In our firmware, we've tried implementing a retry cycle, but it hasn't been effective. The modem keeps encountering this error repeatedly. The only solution seems to be rebooting the device.

We don't think the problem lies with our backend because we've encountered the same error when trying to connect to api.nfrcloud.com.

This issue has occurred on two different networks in two different countries and the main point it always disappear after rebooting. 

Could you please review the trace collected from the modem?

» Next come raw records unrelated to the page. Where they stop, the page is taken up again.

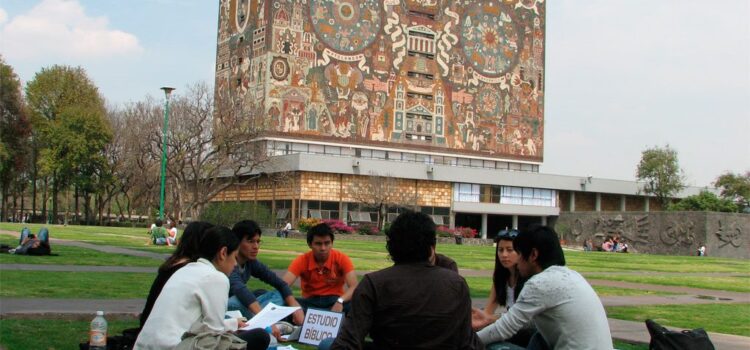 Las mejores universidades públicas y privadas de México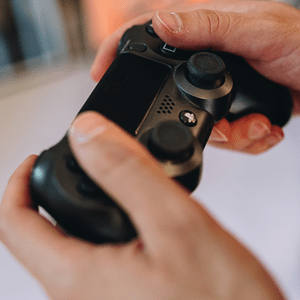 Une console de jeu pour illustrer la différence entre la franchise et la start-up.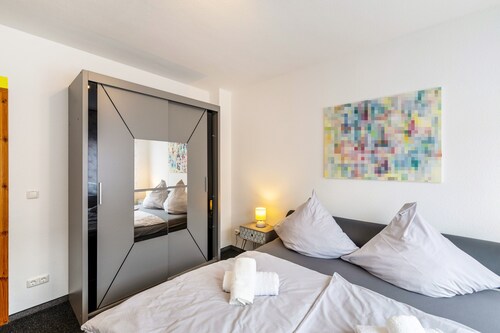 Ferienwohnung Heike" mit Balkon und WLAN
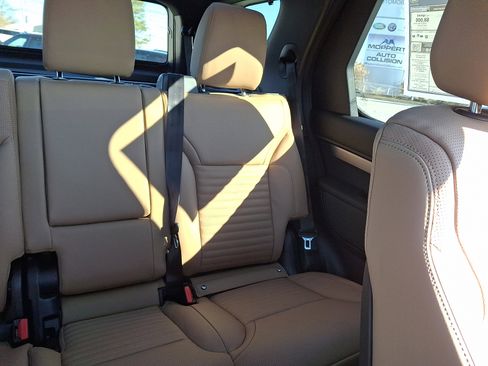 New 2026 Land Rover Discovery Limited Edition image 17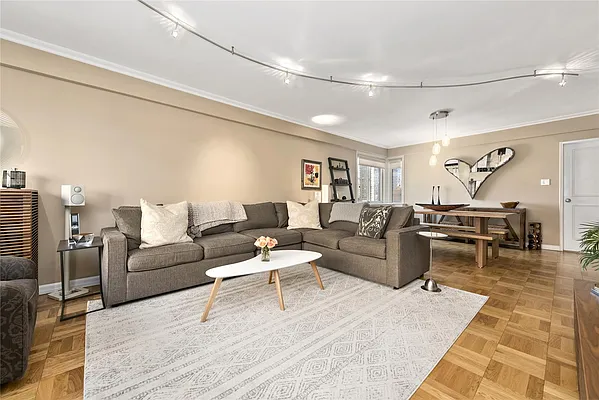 Sold by Digs Realty Group | media 13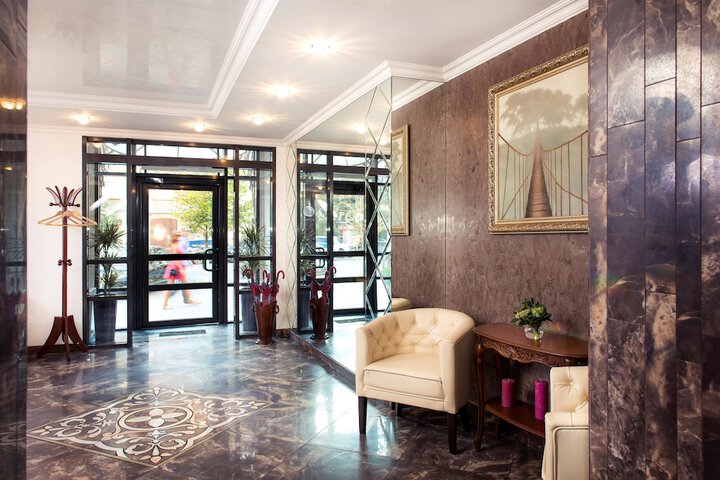 Hotel Interior 4 of 115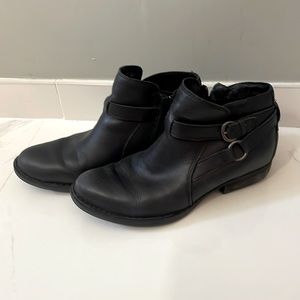 Barely worn size 7 Born side zip leather booties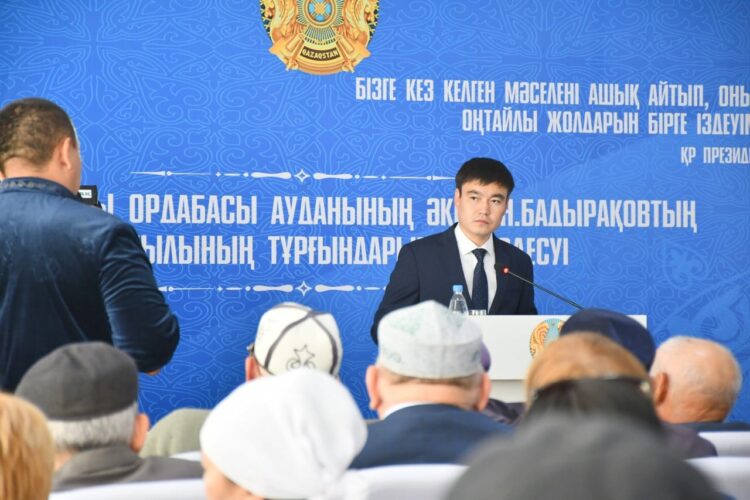 БАДАМДЫҚТАРДЫҢ КӨТЕРГЕН МӘСЕЛЕЛЕРІ ШЕШІМІН ТАУЫП КЕЛЕДІ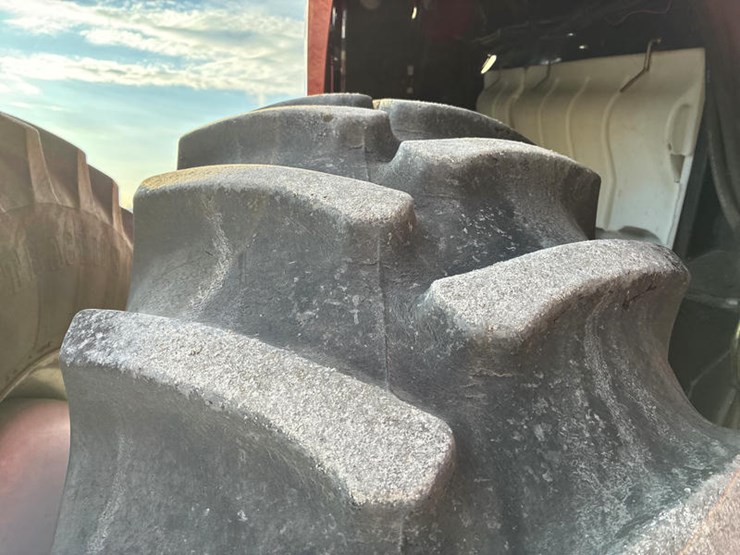 2010-case-ih-8120-image-39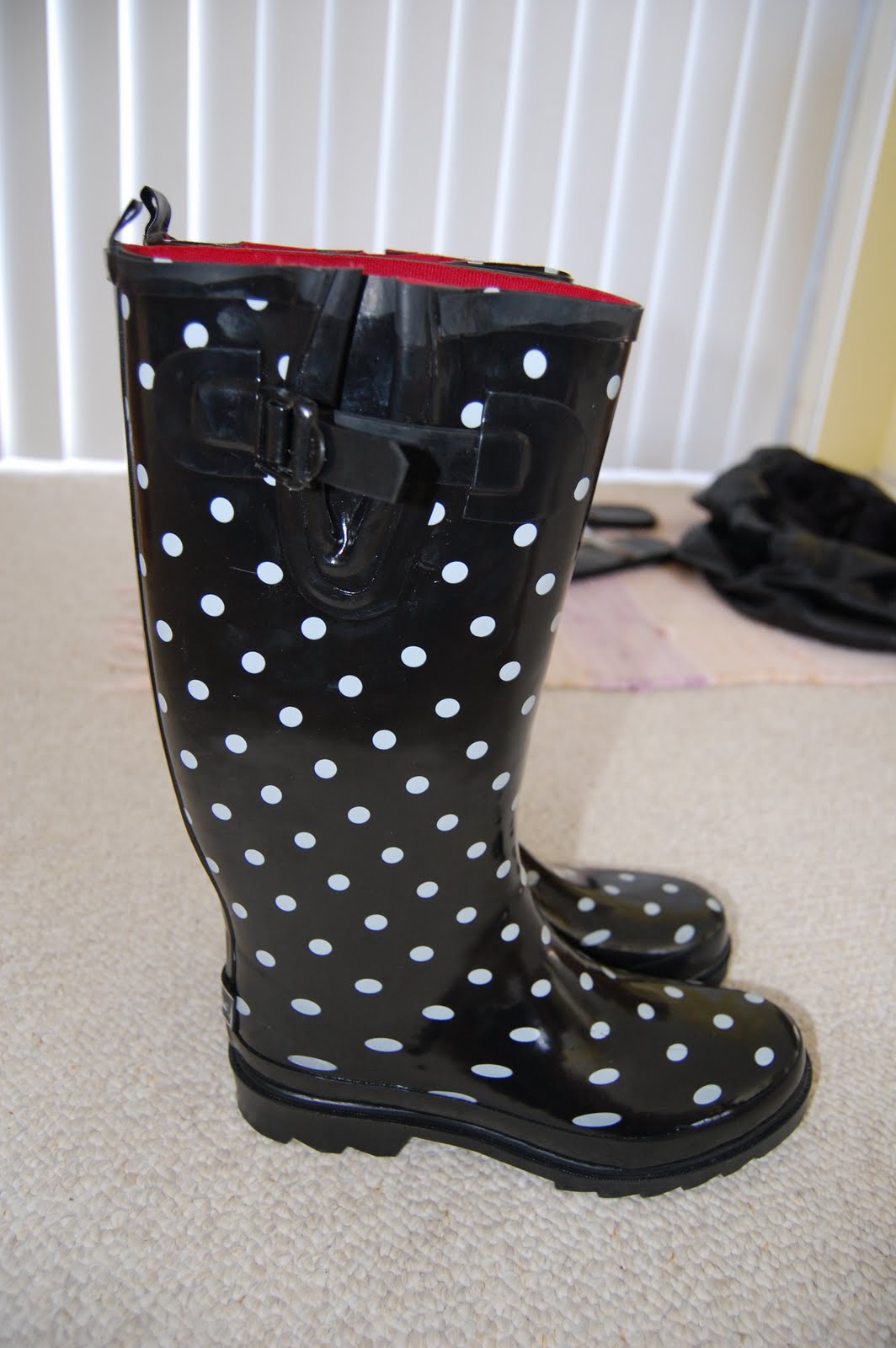 a blog: rain boots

Thank you.

# Networking
CONFIG_NETWORKING=y
CONFIG_NET_SOCKETS=y
CONFIG_NET_SOCKETS_OFFLOAD=y
CONFIG_NET_SOCKETS_POSIX_NAMES=y
CONFIG_NET_NATIVE=n

#Rest client config
CONFIG_REST_CLIENT=y

CONFIG_HTTP_CLIENT=y


The modem firmware is 1.3.4
SDK 2.0.2

Parents
  • Hi Roman,

    I have noticed that that the log.zip (the trace) that you have attached is broken

    If I click on the link then I get this message:

    If I click and save it, then I can not open the zip file

    Please upload the trace again.

  • Hi Naeem,

    I reattach the trace file, please check.

     5228.log.zip

    1) Are these custom boards? Did you get them reviewed?

    Yes this is custom board, not sure if it was reviewed.

    2) Have they (your devices) been working for long?

    Yes, the issue is randomly appear - some time it may be second message, some time after half a day.

    3) When the problem started to occur? Did you do some updates (in the firmware, mfw, sdk) and then it occurred, or what?

    Our device periodically send update message to the backend, each 1 h, after some time it is not able to send because of this error.

    4) As you said that "only solution is rebooting". After rebooting, do you still see the problem? after how long the problem occurs?

    It is random - the only point which I am sure, it is never happened with the first message after reboot.

    5) Is this problem happening with all devices, or just two devices? How many devices you have by the way. You have also mentioned about two locations and two networks. How many different locations your devices are employed in and are some working fine with other networks?

    This happening on all the devices we testing, approximately 5 devices. We testing in 2 location Netherlands and Ukraine, devices configured to support both networks NB-IoT and LTE-M, issue appears on both. Also we use different operators for UA and NL.  

  • Thank you for the update.

    I have forwarded the bin file and the details you have provided.

    Regards,

    Naeem

  • Hi Roman,

    Below is the response I have received from the modem team.

    ----------------------------------------------------------

    It is very difficult to comment anything meaningful because the modem log is taken with incomplete trace set. Modem Socket API and AT command traces are missing so we can’t verify how application is communicating with modem.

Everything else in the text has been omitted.